Expertos de la U. Autónoma de Madrid (España), liderados por la sicóloga Ana Sanz, descubrieron que más que la bebida en sí, esos 10 minutos que las personas se dan para tomarse un café en la oficina pueden hacer la diferencia entre una vida estresada y una más feliz. Al analizar respuestas a un cuestionario que los trabajadores debían llenar tres veces al día, el equipo de Sanz concluyó que el trabajo ininterrumpido a lo largo de la jornada impide que la presión laboral se libere, ocasionando que las personas carguen con problemas hasta tener un momento para liberarlos, o sea, al llegar a sus casas. Esto aumentaría el conflicto entre el trabajo y la familia y la sensación de agotamiento.

HABLAR CON OTROS

El estudio, publicado en el Journal of Vocational Behavior, señala que expresar emociones juega un papel relevante en nuestras vidas, y que el contenido de lo que comunicamos y el lugar en el que lo hacemos impactan de forma diferente en el bienestar emocional. Así, usar la pausa diaria para expresar emociones positivas -en el trabajo, con los amigos o familiares- ayuda a establecer una buena conexión entre estos dos espacios, y hace que las personas se sientan con mayor energía al fin del día. Si esto no ocurre, cuando la persona sale del trabajo expresa emociones negativas, se siente inevitablemente agotada y menos dispuesta a disfrutar el tiempo en casa.

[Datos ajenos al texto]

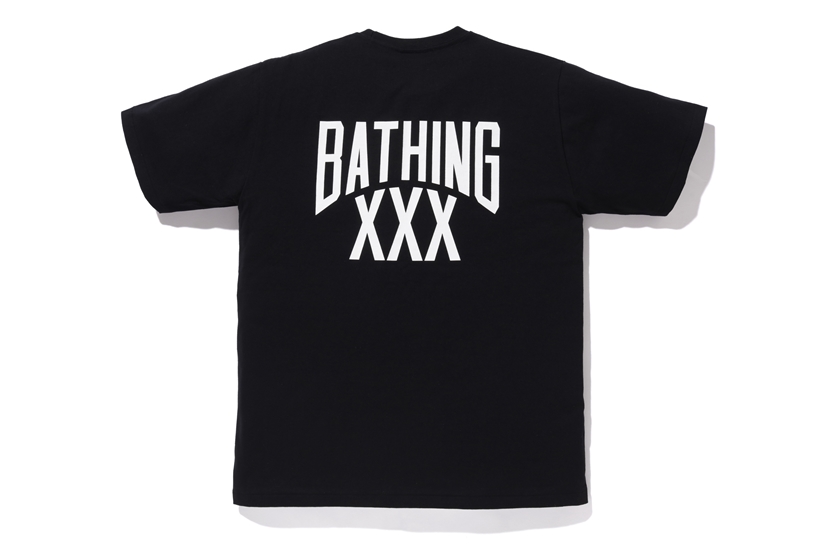 A BATHING APE × GOD SELECTION XXX コラボコレクションが12/14から中国、香港、台北にて限定リリース (ア ベイシング エイプ ゴッド セレクション XXX)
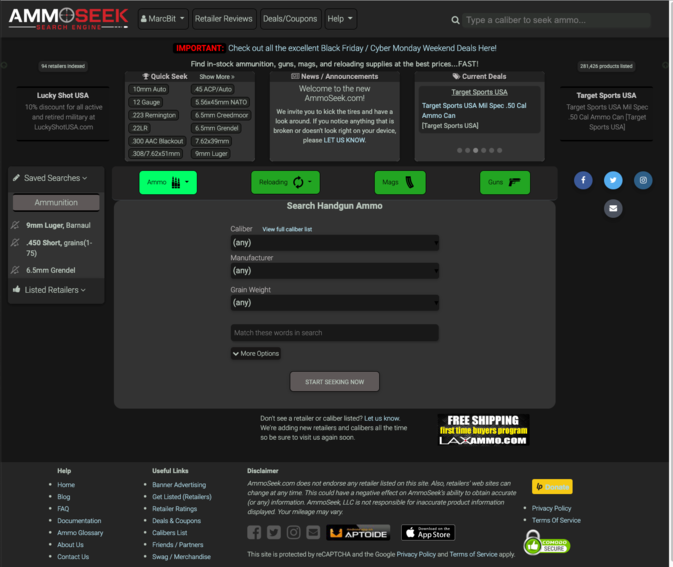 Dark Mode Color Theme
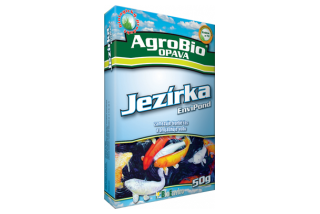 ENVIPOND - jezírka a vodní plochy 50 g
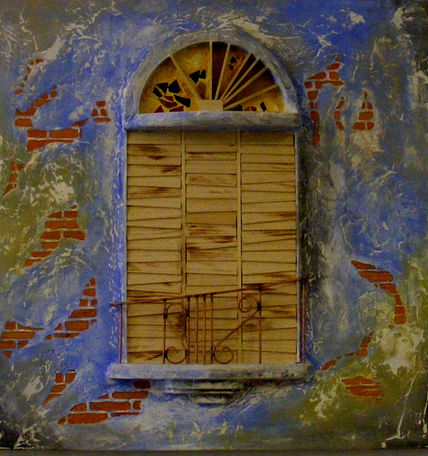 Balcon # 1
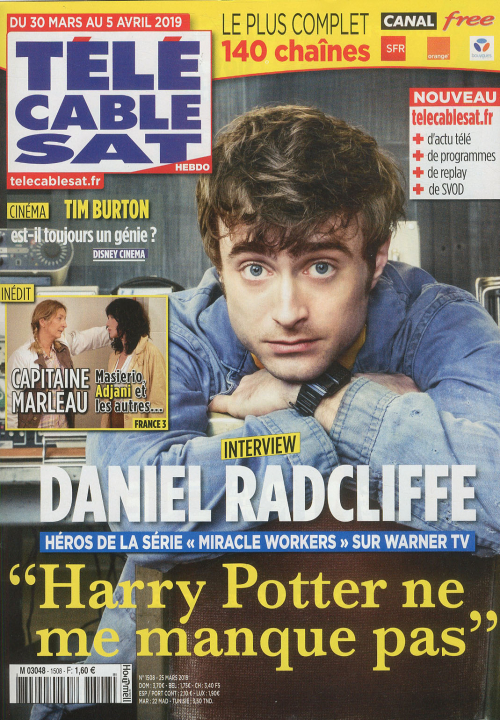 TÉLÉ CABLE SAT HEBDO
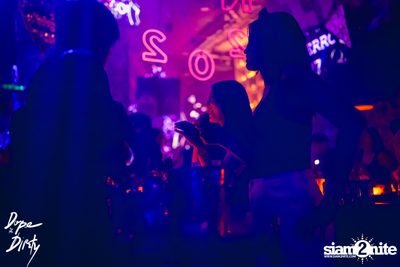 Jam ft. PLATONG TUNYANUN / PLOYCHOMPOO at Dope & Dirty — photo 12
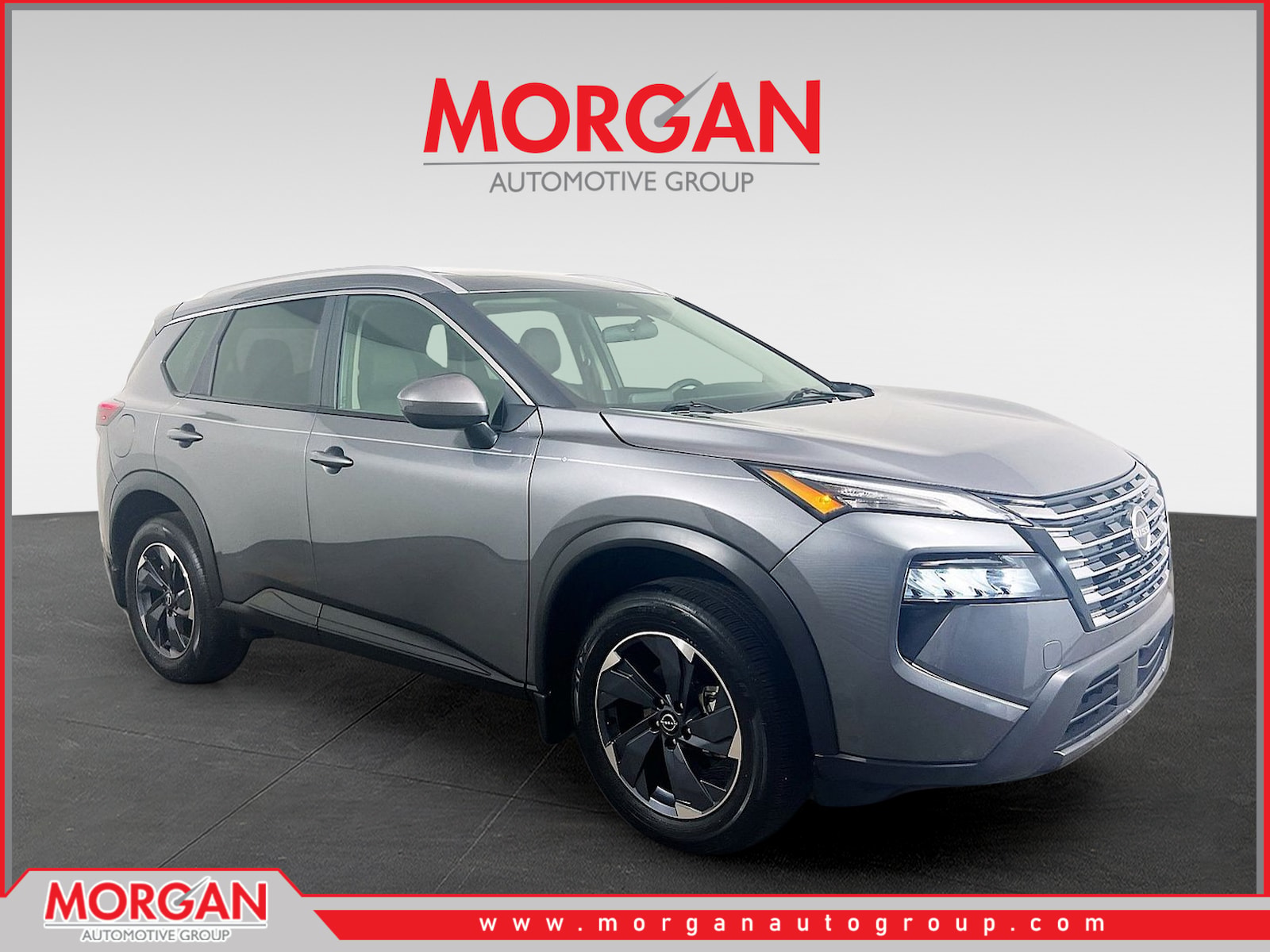 2025 Nissan Rogue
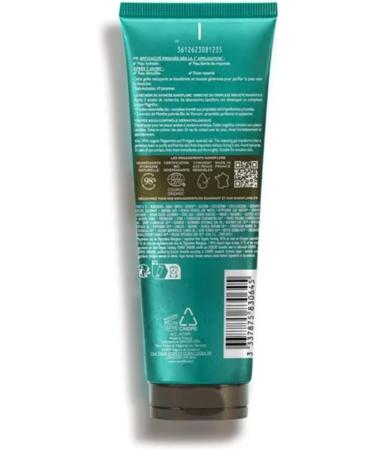 Sanoflore Magnifica Organic Anti-Blemish Cleanser 120ml - Buy Online on GoSupps.com
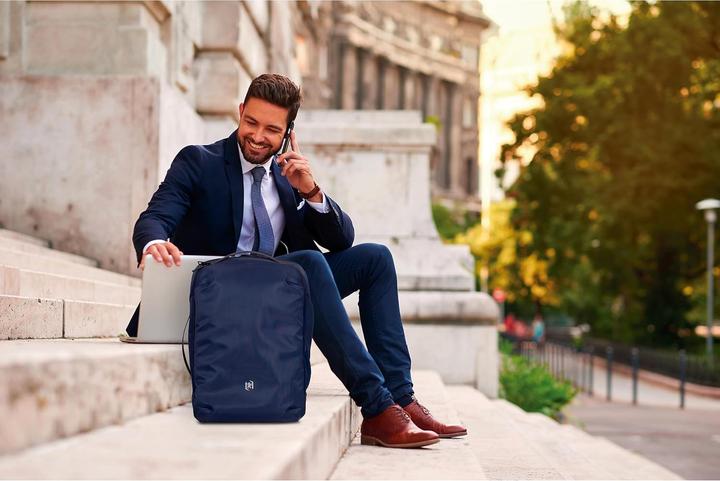 Actual product image Oxford Identity Executive Backpack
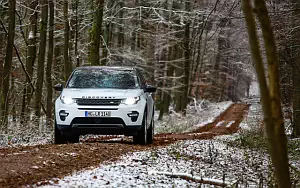   Land Rover Discovery Sport HSE Sd4 - 2018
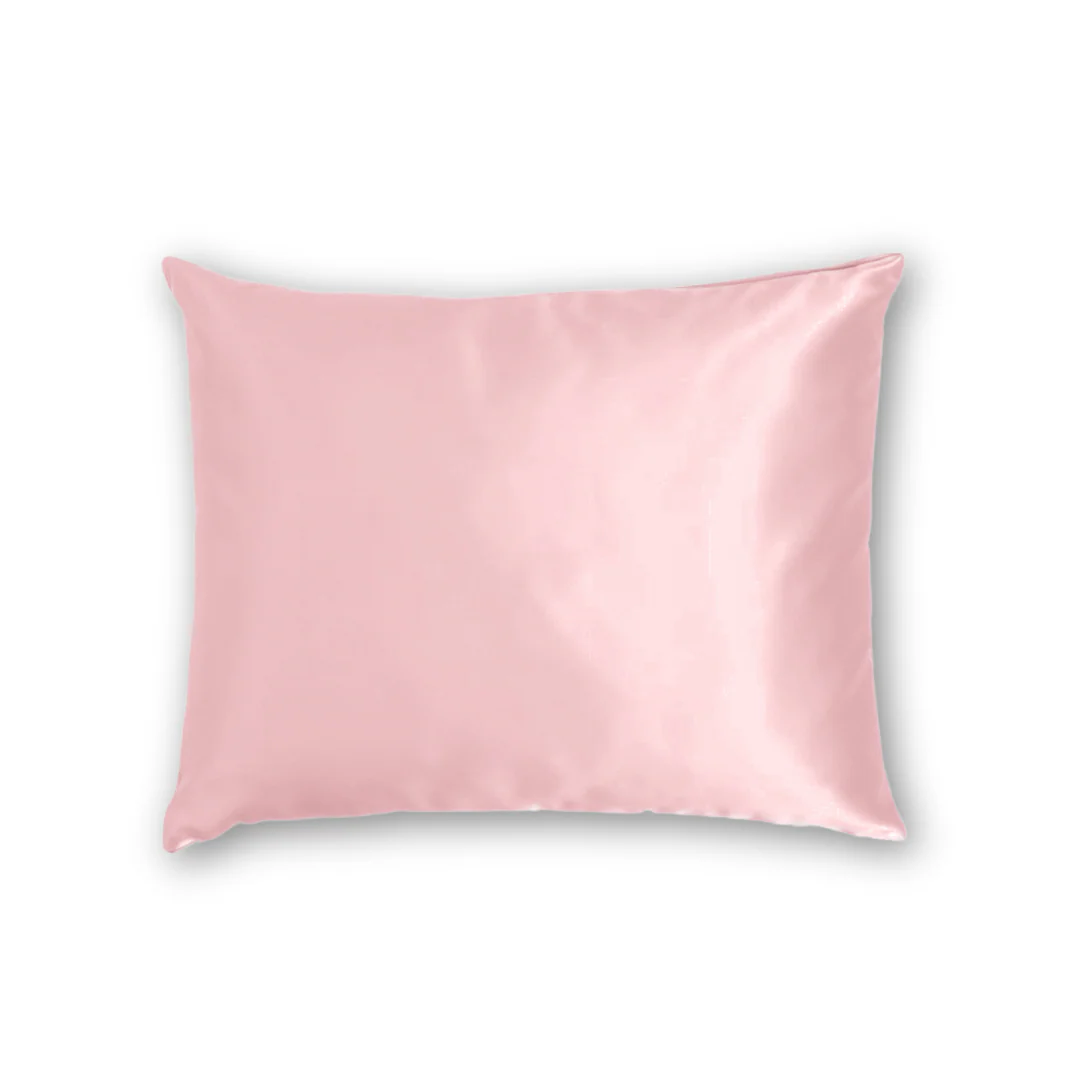 Zijden Kussensloop Pink Blossom – 19MM Zijden Kussensloop Pink Blossom – 19MM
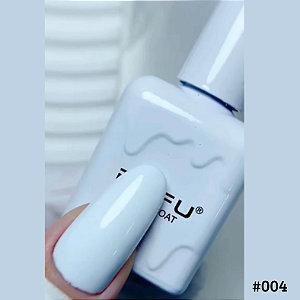 ESMALTE EM GEL TONS BRANCO Nº04 10ML DAFU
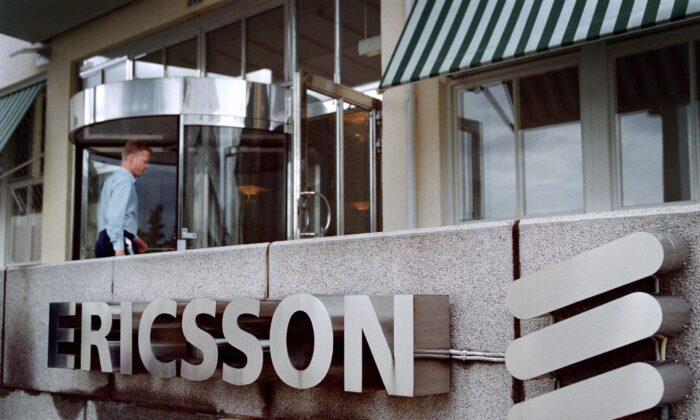 Ericsson Shares Fall Following Violation of DOJ Agreement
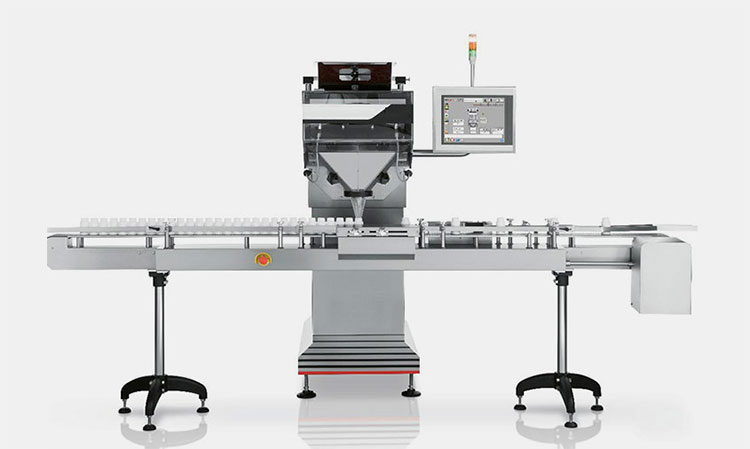 Vibratory Channel Daily Used Products Counting Machine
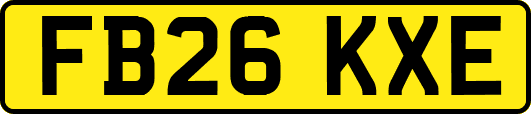 FB26KXE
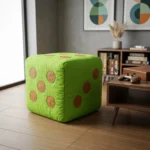 Dice Bean Bag Fun Cube
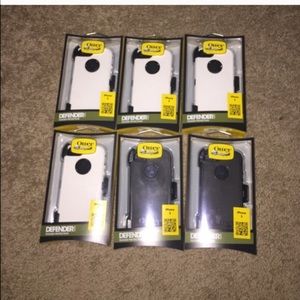 Otter box iPhone 5 Defender Case
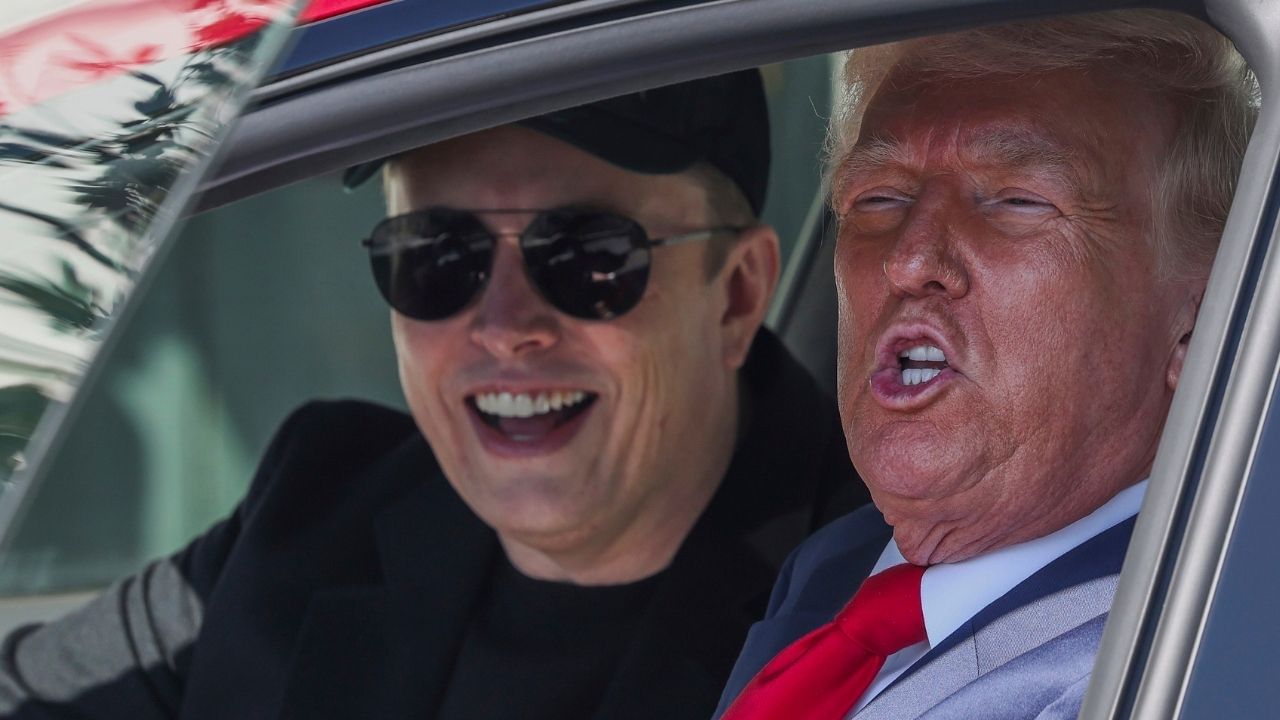 Donald Trump-Elon Musk: সব সম্পর্ক শেষ! ইলন মাস্ককে 'চরম মূল্য' দিতে হবে যদি...প্রকাশ্যে হুমকি ট্রাম্পের Donald Trump-Elon Musk: সব সম্পর্ক শেষ! ইলন মাস্ককে 'চরম মূল্য' দিতে হবে যদি...প্রকাশ্যে হুমকি ট্রাম্পের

El estudio revela una serie de implicaciones prácticas, ya que, por una parte, deja claro que la presión laboral genera mayores problemas de salud en los trabajadores y un nivel de estrés que se mantiene incluso tras terminar la jornada laboral. En este sentido, asegura que los descansos son un modo de recuperarse de las presiones. "Buscar un hueco para el humor y para olvidarnos de los 'debería hacer' son algunas de las claves para enfrentarnos a las responsabilidades diarias", explica Sanz.